No logra salir airoso de todos sus retos, que son muchos e importantes, pero sí revela la suficiente entidad para no desaprovechar la ocasión y efectuar una mirada profunda sobre cuestiones tan destacadas en la sociedad actual como la ética del ser humano, la transformación que provoca la guerra en el individuo, la impunidad de la violencia más cruel e inhumana y la venganza como único y último recurso para castigar al supuesto culpable.

Nada más y nada menos, éstos son los referentes argumentales de una película que rebasa las cotas dramáticas más intensas con más que aceptable suerte, confirmando que sus dos directores, Andrés Luque Pérez y Samuel Martín Mateos han subido unos peldaños en el itinerario a la madurez narrativa.

Es más, se deja sentir que este segundo largometraje que firman, tras Agallas, que vimos en 2008 y que versaba sobre el narcotráfico en Galicia, les convierte en profesionales a tener muy en cuenta en un inmediato futuro en nuestro cine.
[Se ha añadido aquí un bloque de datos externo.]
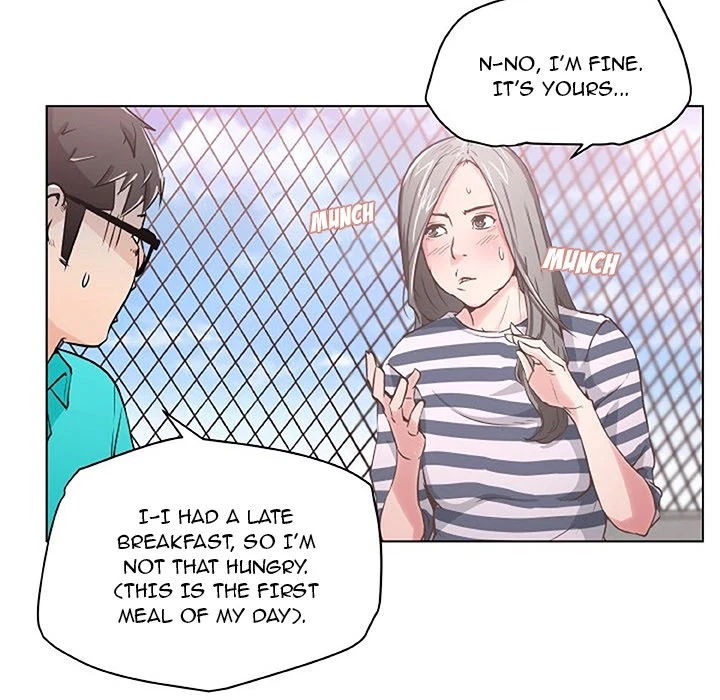 Chapter 2, page 51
Han sacado un muy buen partido de la interpretación de la actriz colombiana Juana Acosta, que da a vida a María. Con un preámbulo ubicado en Colombia, concretamente en el entorno de un conflicto social permanente que involucra en dicho país a los narcotraficantes, la guerrilla, los paramilitares y las FARC y que genera con terrible asiduidad sucesos terribles saturados de violencia, crueldad y muerte, la película se traslada a renglón seguido a España.

Lo hace de la mano de una madre colombiana, María, y de su hijo pequeño, que llegan a Canarias con la única intención de que ella encuentre el paradero de Iván, un español que colaboró con la guerrilla durante algún tiempo y que puede estar vinculado con un trágico e inhumano suceso acaecido en el país latinoamericano. Una tarea complicada, porque María solo tiene el dato del nombre, ni siquiera del apellido, pero en el que contará con la decisiva colaboración del psicólogo del colegio al que acude su hijo, Gonzalo, que siente por ella bastante más que una mera amistad.